# What is the industry standard way of calculating and annualizing performance metrics?

Say I am looking at a performance report for a hedge fund manager who trades mostly equities, and they provide me a list of monthly returns for the past 5 years. What is the industry standard way to compute Sharpe ratio, alpha, and beta?

Sharpe ratio:

• Calculated off monthly returns and annualized by multiplying by $\sqrt 12$?
• Or calculated off daily log returns and annualized by multiplying by $\sqrt 252$?

Alpha & Beta:

• Calculated by performing a regression on monthly returns relative to S&P 500 I assume.
• Is alpha annualized by multiplying by 12?
• Beta does not need to be annualized, is that correct?

I am reading about a myriad of ways to compute these metrics and am wondering what most managers do.
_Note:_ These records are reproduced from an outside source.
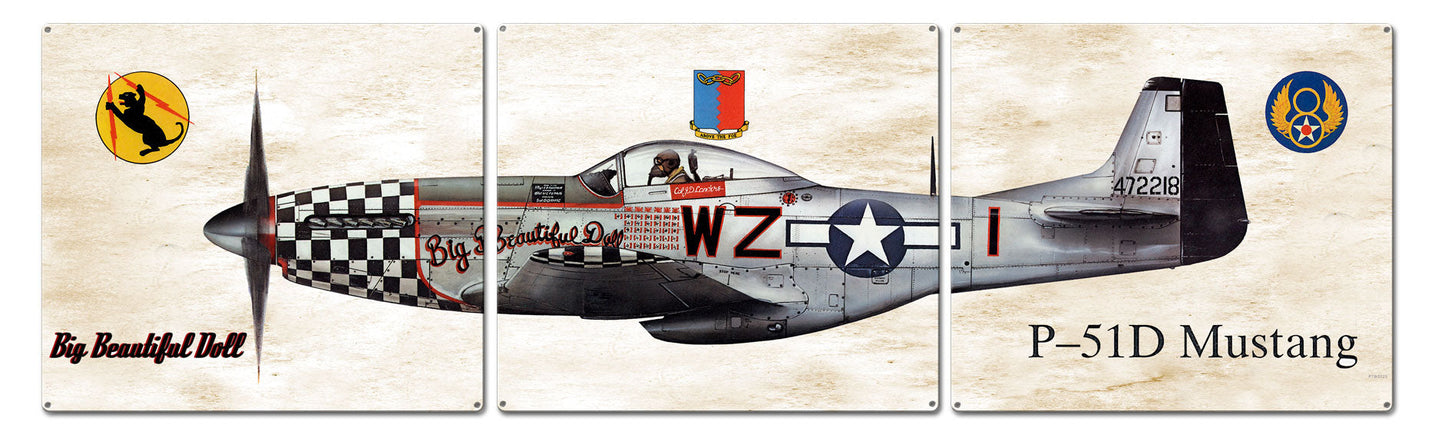 P-51 Mustang 48 x 14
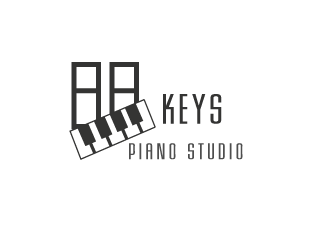 88 Keys Piano Studio logo design by mppal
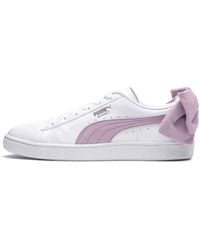 PUMA - S Basket Bow Court Trainers White 4 Uk - Lyst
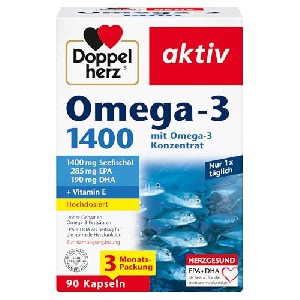 Doppelherz aktiv Omega-3 1400 Kapseln, 90 Stück um 9,83 € statt 13,45 €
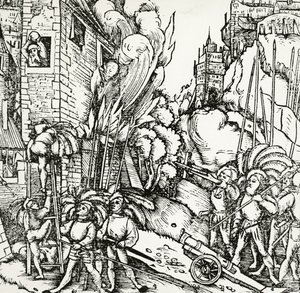 Siège de Carthage, gravure tirée de Cosmographia Universalis, par Sebastian Münster (1488-1552). Allemagne - Sebastian Munster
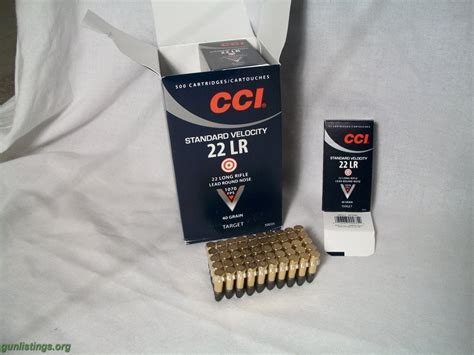 Gunlistings.org - Ammo 22 LR CCI Standard Velocity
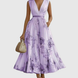Rocío | Elegante vestido largo plisado
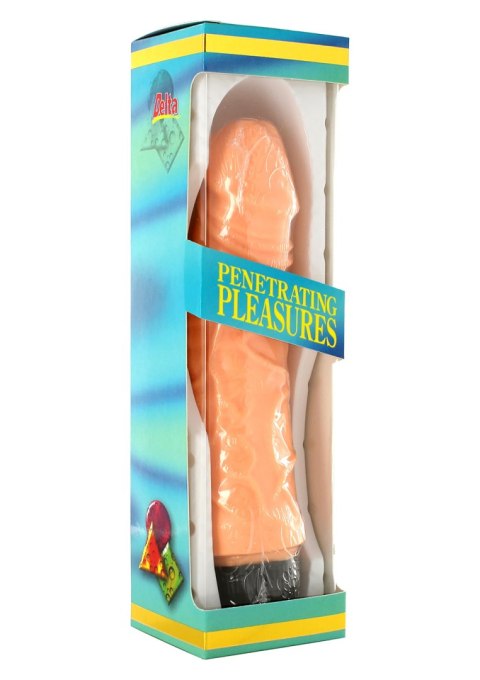 Gruby sztuczny penis z żyłami wibrator sex 19cm Gruby sztuczny penis z żyłami wibrator sex 19cm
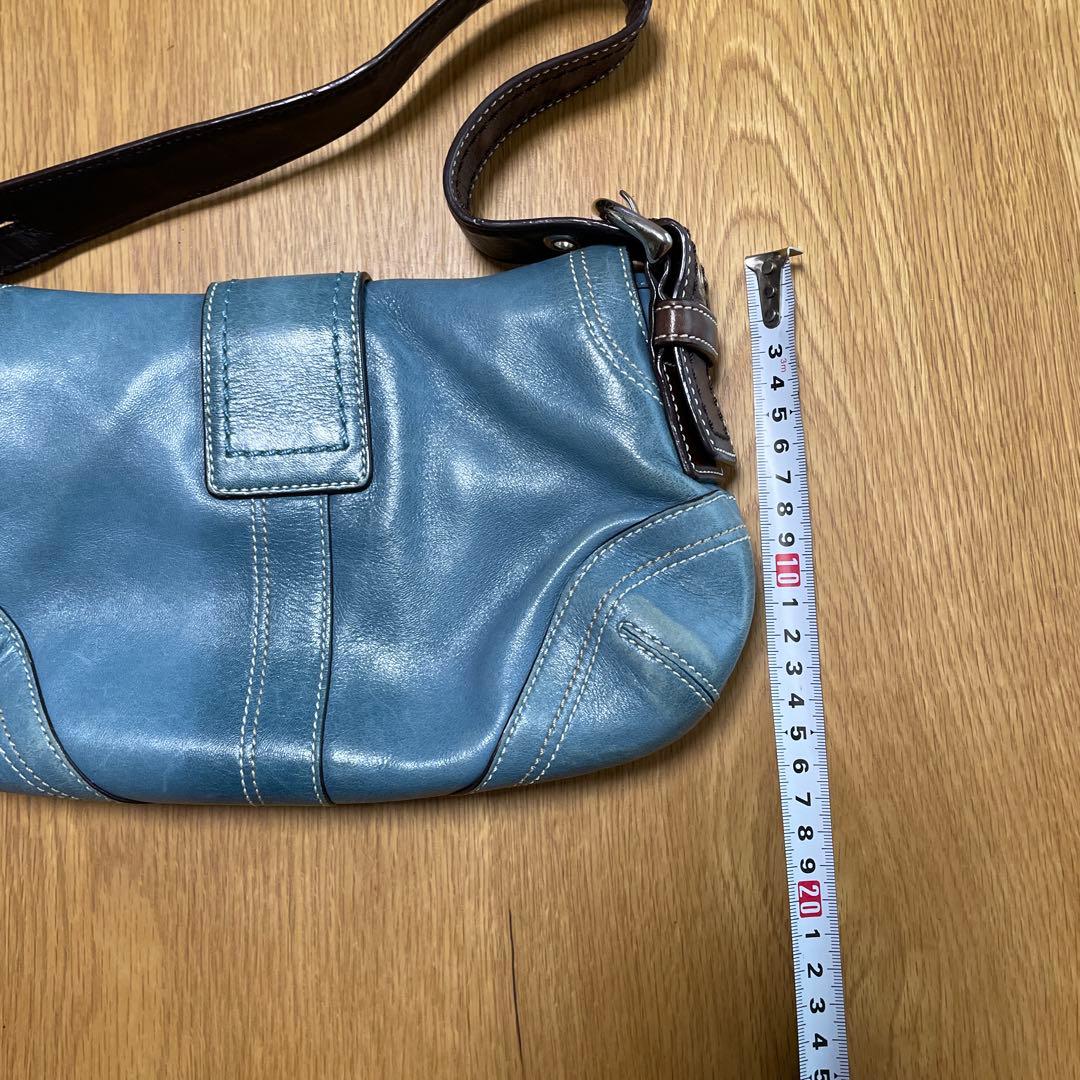 コーチ製皮バッグ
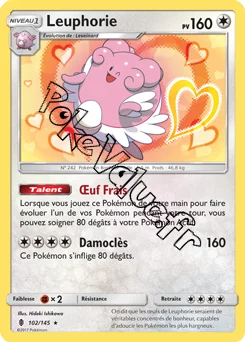 Carte Pokémon Leuphorie  n°102 de la série Gardiens Ascendant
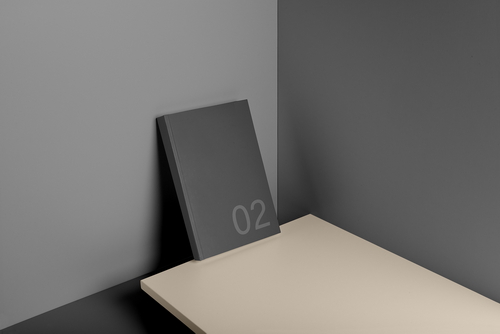 Hard Cover Book Mockup Scene 05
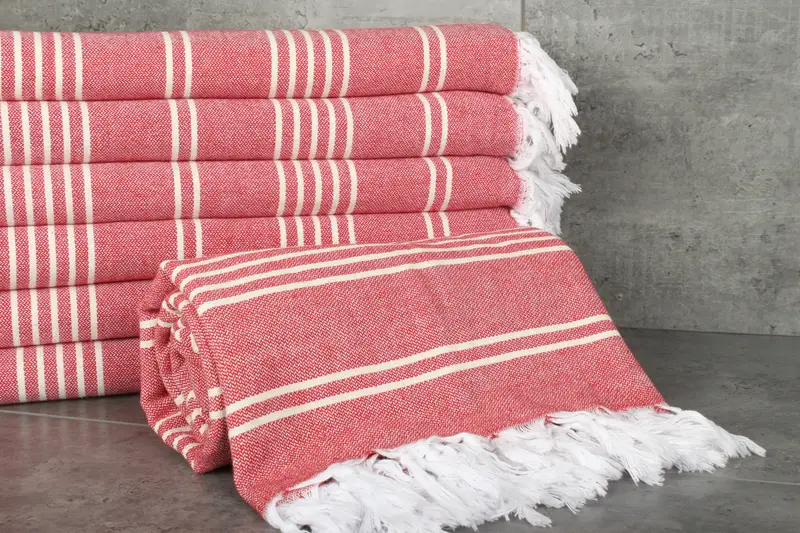 Wedding Anniversary Gift, Spa Gift, Throw Blanket Couch, Bedspread, 96x70 Cotton Striped Towel, Beach Wedding Favor, Personalized Blanket - 2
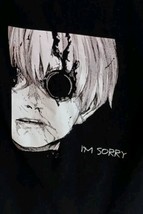 Tokyo Ghoul Men&#39;s Ken Kaneki I&#39;m Sorry Face Graphic Anime T-Shirt - $14.95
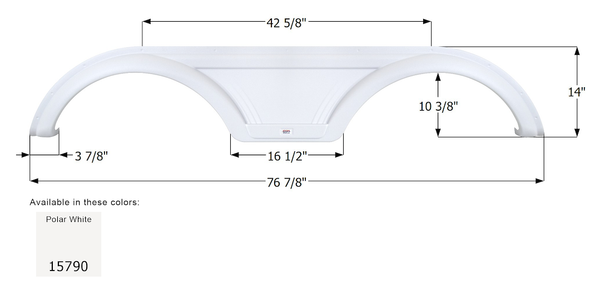 Icon Fender Skirt for Tandem Axle RVs (MPN: 15790)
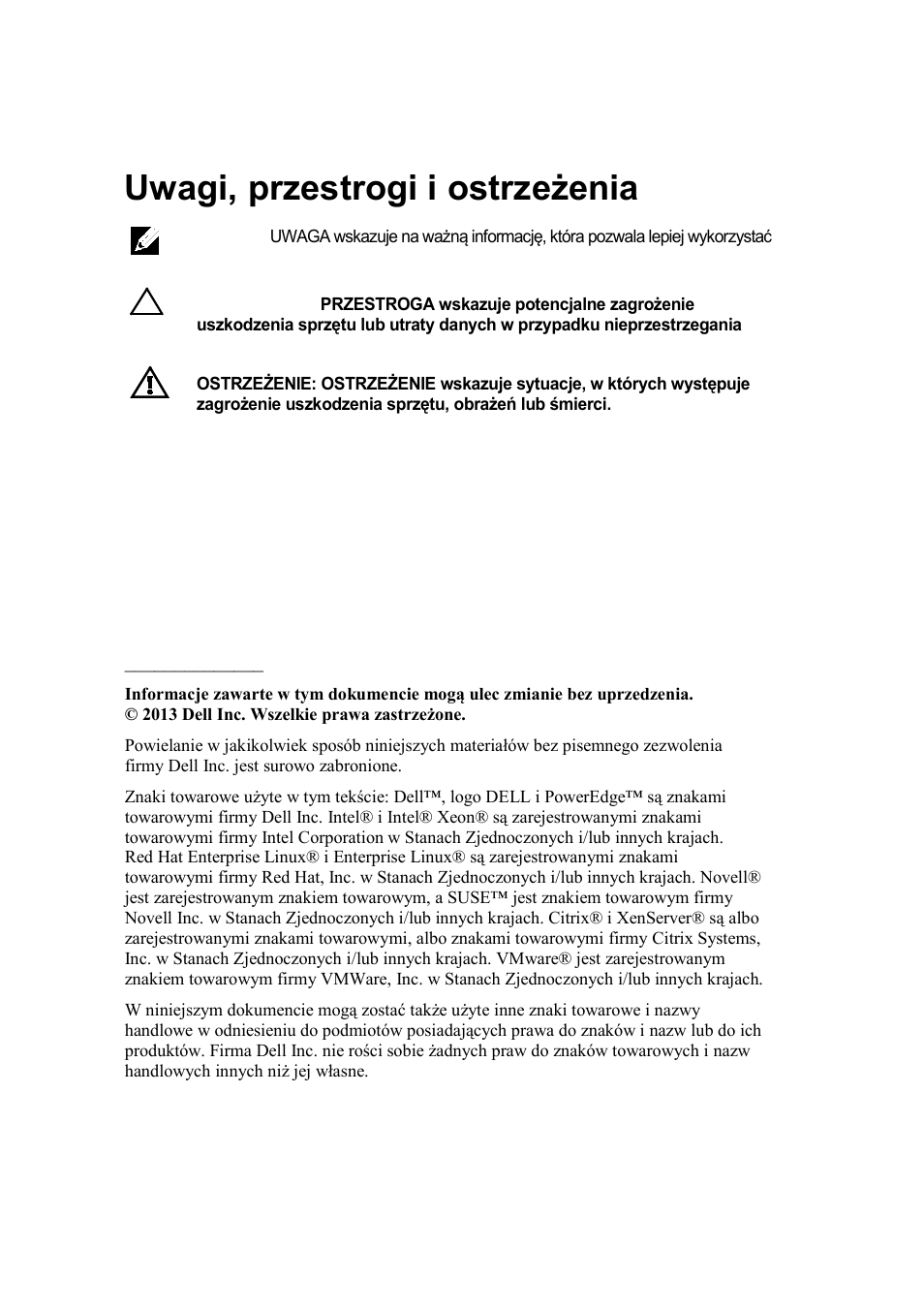 Uwagi, przestrogi i ostrzeżenia, Oznaczenie serii b08s | Dell PowerEdge C6220 II User Manual | Page 76 / 150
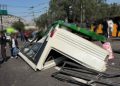 Volcadura de transporte en la México-Pachuca deja al menos 14 lesionados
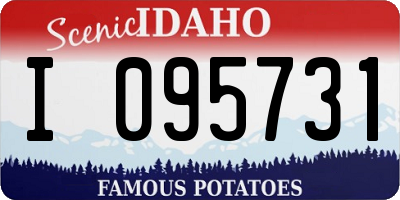 ID license plate I095731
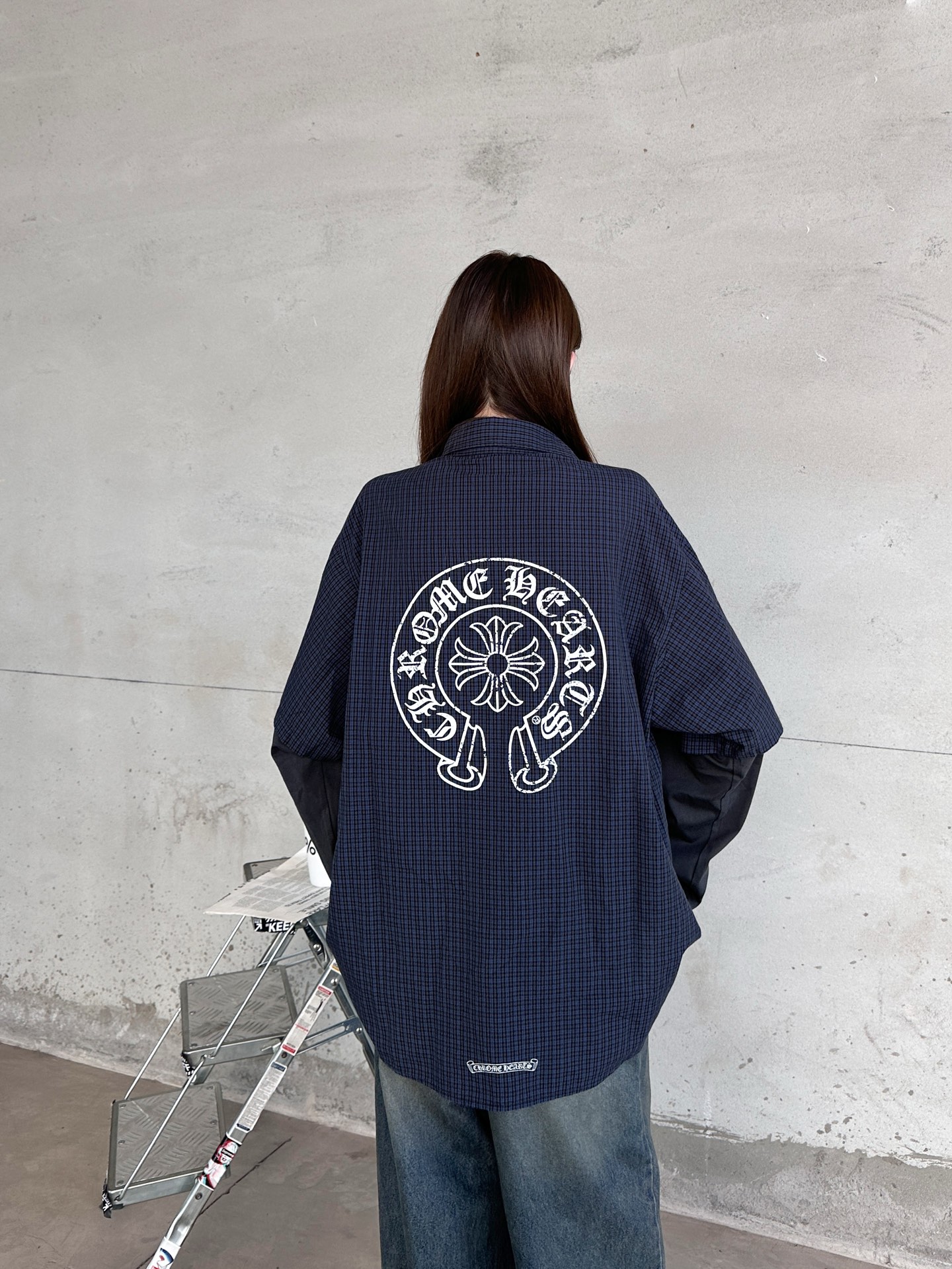 🌾克罗心 ｜ 新款休闲衬衣，成衣洗水加多处印花，针梭织假两件做工，男女同款，尺码sml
• Some funds are only marked monthly (some mark weekly or daily internally, but typically only publish monthly marks), thus Sharpe is computed off of monthly numbers. Sharpe is almost always reported in annualized terms. Alpha and beta are more idiosyncratic. Alpha is often annualized because the numbers look bigger. Beta is indeed unitless. Jun 18, 2018 at 23:50

If you are using monthly returns, Alpha is multiplied by 12 and Beta is unchanged. A Monthly Sharpe ratio is annualized by multiplying by $\sqrt[]12$ (although you might want to read How to annualize Sharpe Ratio?).